Paul débute donc par l’humilité avant de mentionner son ministère apostolique. En se désignant comme esclave, Paul exprime son rang par rapport au Maître. En se désignant comme apôtre, Paul exprime la fonction à laquelle il est appelé (apôtre : plus qu’un titre, un ministère, tenu de Dieu, le qualifie pour annoncer l’Évangile aux nations). Le terme «  apôtre » signifie « envoyé avec une commission ». Certains, en fait les douze et Paul, ont porté ce titre au sens fort du terme. Il y avait une autorité déléguée, avec les pleins pouvoirs de celui qui envoie. D’autres ont porté ce titre, Barnabas, Silas et Timothée, Jacques, le frère du Seigneur, mais les responsabilités qu’ils ont eues démontrent qu’ils n’occupaient pas une position de même rang. La reconnaissance de l’apostolat est importante chez Paul, puisqu’il a dû combattre ses dénigreurs. Dans le cercle apostolique, il y avait les douze qui avaient un ministère au bénéfice des Juifs. Pierre avait une primauté. Paul se place sur le même rang que ces apôtres.

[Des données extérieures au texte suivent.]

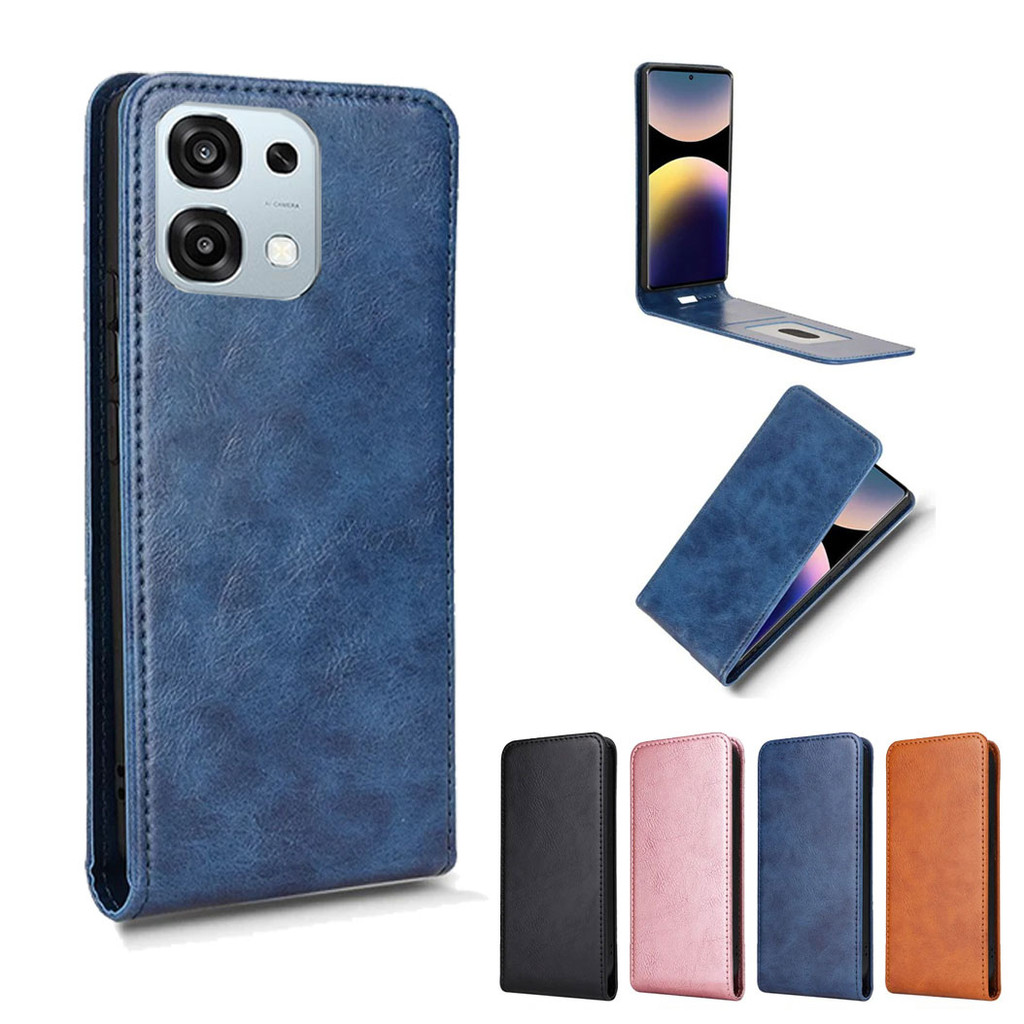 ปลอกสําหรับ OPPO A6 Pro 5G 4G 2025 Flip Vertical Case Flip Up และ Down Leather Phone Case Card Slot 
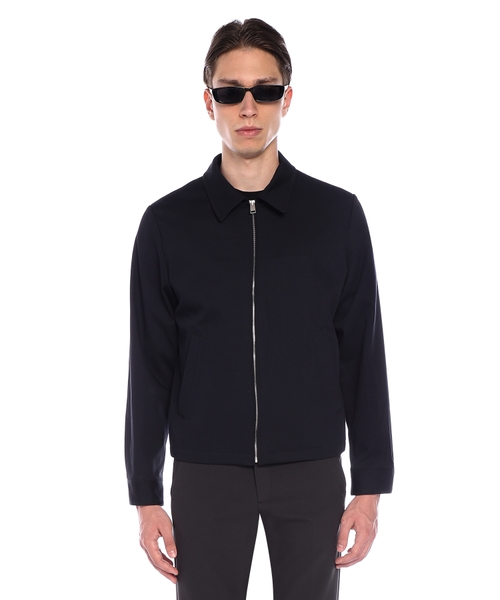 Jacket with classic collar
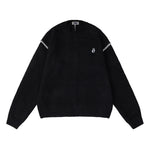 Retro crew neck casual sweater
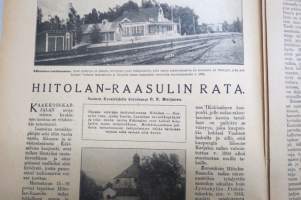 Suomen Kuvalehti 1919 nr 46, kansikuva Junan suistuminen Huopalahdessa, Hiitolan- Raasulin rata, Huopalahden junaonnettomuus, Sarah Bernhardtin silkkikenkä, ym.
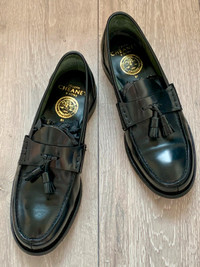 Joseph Cheaney Mens Tassel Loafers Shoes Black Calf US 11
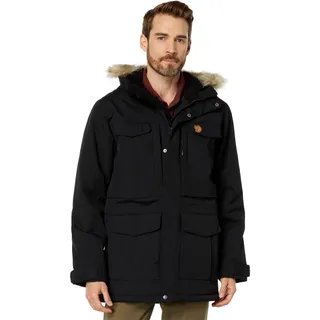 Fjällräven Nuuk Parka Herren Schwarz M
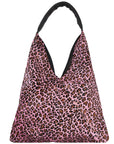 Pink Leopard Print Cowhide Boho Leather Bag Brix Bailey Ethical Bag Brand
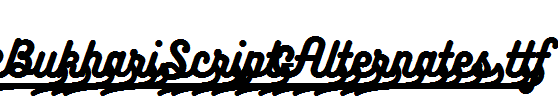 BukhariScript-Alternates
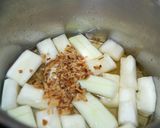 夕顔のイカそぼろあんかけ作り方3写真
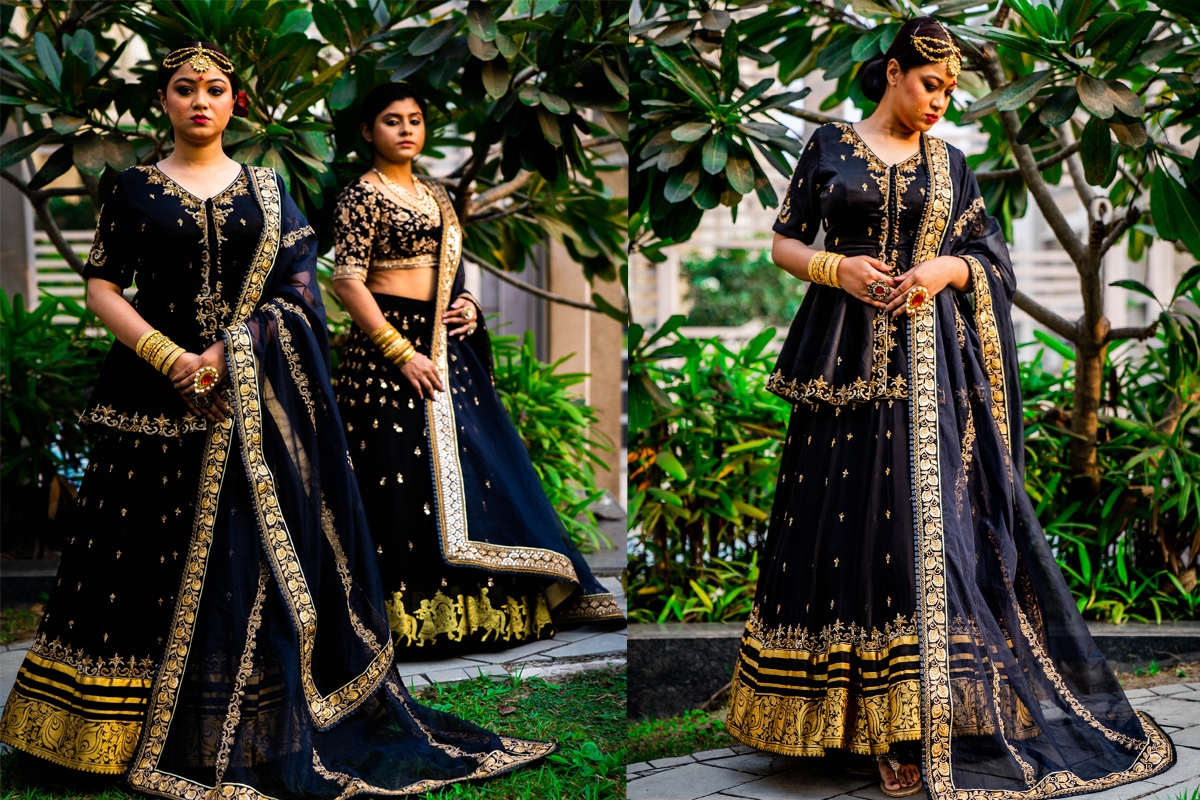 A 73 Black New Bridal Wear Velvet Lehenga Choli in Surat at best price by  Retail Market Surat - Justdial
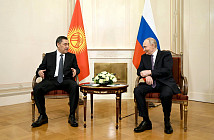 Садыр Жапаров провел переговоры с Владимиром Путиным в Санкт-Петербурге   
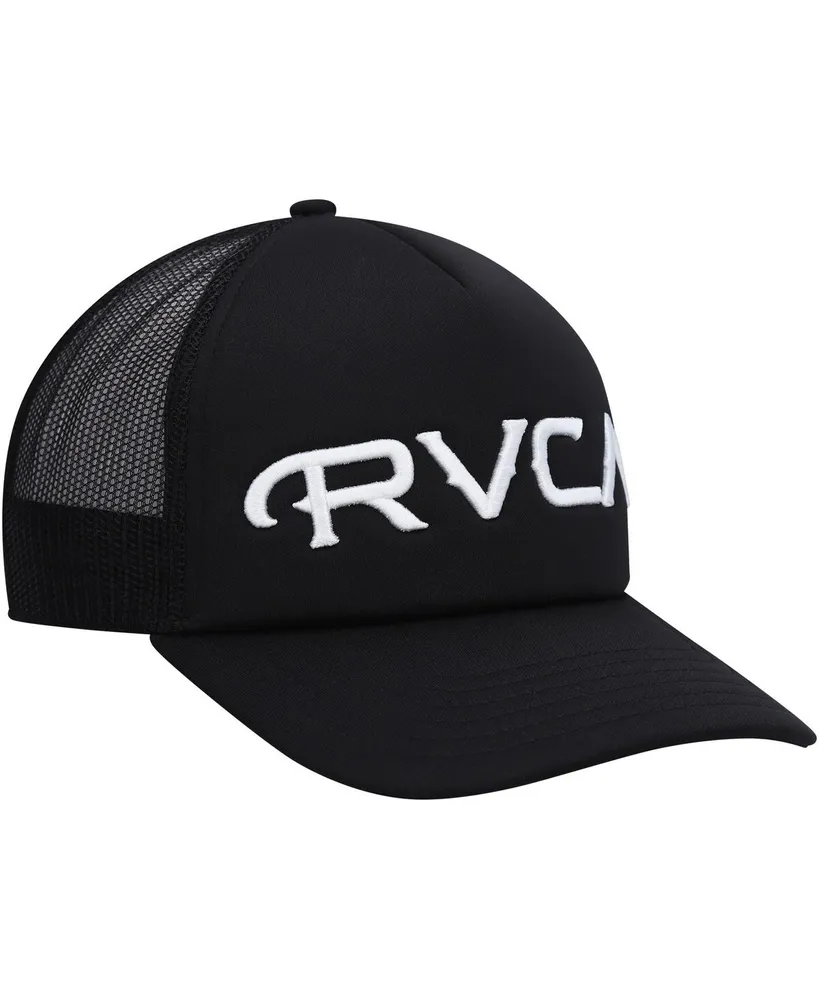 Men's Rvca Black Mister Cartoon Trucker Snapback Hat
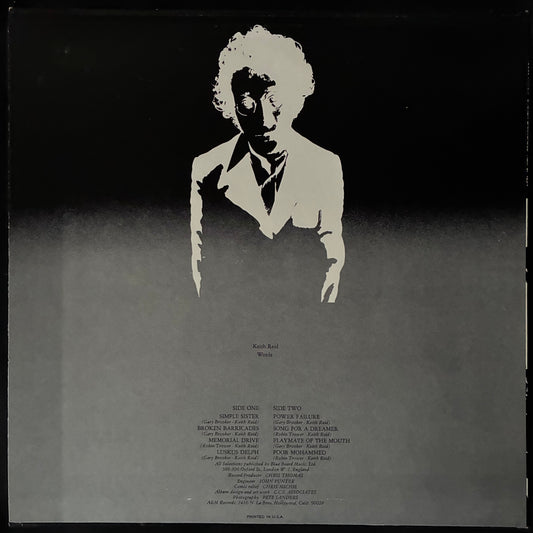 PROCOL HARUM - BROKEN BARRICADES (USED VINYL 1975 US M-/M-)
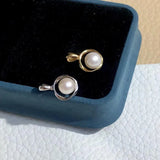 925 Silver Pendant Settings for Pearl Crystal, 5pcs/lot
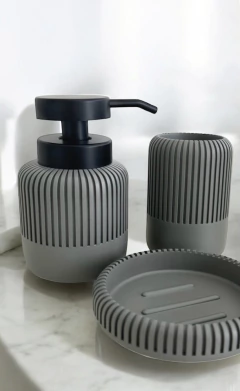 DISPENSER DE BAÑO LINESS GREY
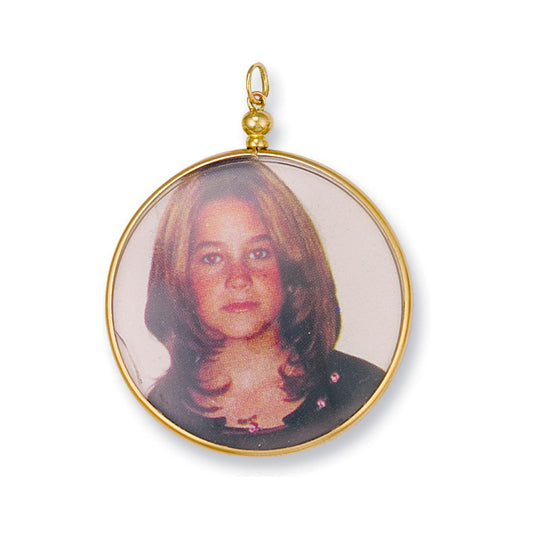 Yellow Gold Small Picture Frame Pendant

Or, j’estime que je n’ai été inférieur en rien aux apôtres prétendus supérieurs. (2 Corinthiens 11.5)

En passant, il est intéressant de remarquer que Paul se place au même niveau que les douze apôtres, incluant Pierre. Donc, si Pierre a eu une primauté, il n’y avait pas de pontificat. Dans Galates 2, Paul dit que ce que Pierre est pour les Juifs, lui l’est pour les païens. La vocation d’apôtre, Paul rappelle qu’il l’a reçue par appel, donc il ne se l’est pas appropriée. Les chrétiens accordaient le respect dû aux douze apôtres, parce qu’ils avaient vu le Seigneur Jésus. Paul n’a pas suivi Jésus et c’est pourquoi on le discréditait. Il rappelle que Jésus lui est apparu pour l’apostolat :

Mais lève–toi, et tiens–toi sur tes pieds ; car voici pourquoi je te suis apparu : je te destine à être serviteur et témoin des choses que tu as vues de moi et de celles pour lesquelles je t’apparaîtrai. Je t’ai pris du milieu de ce peuple et des païens, vers qui je t’envoie, pour leur ouvrir les yeux, (Actes 26.16-17)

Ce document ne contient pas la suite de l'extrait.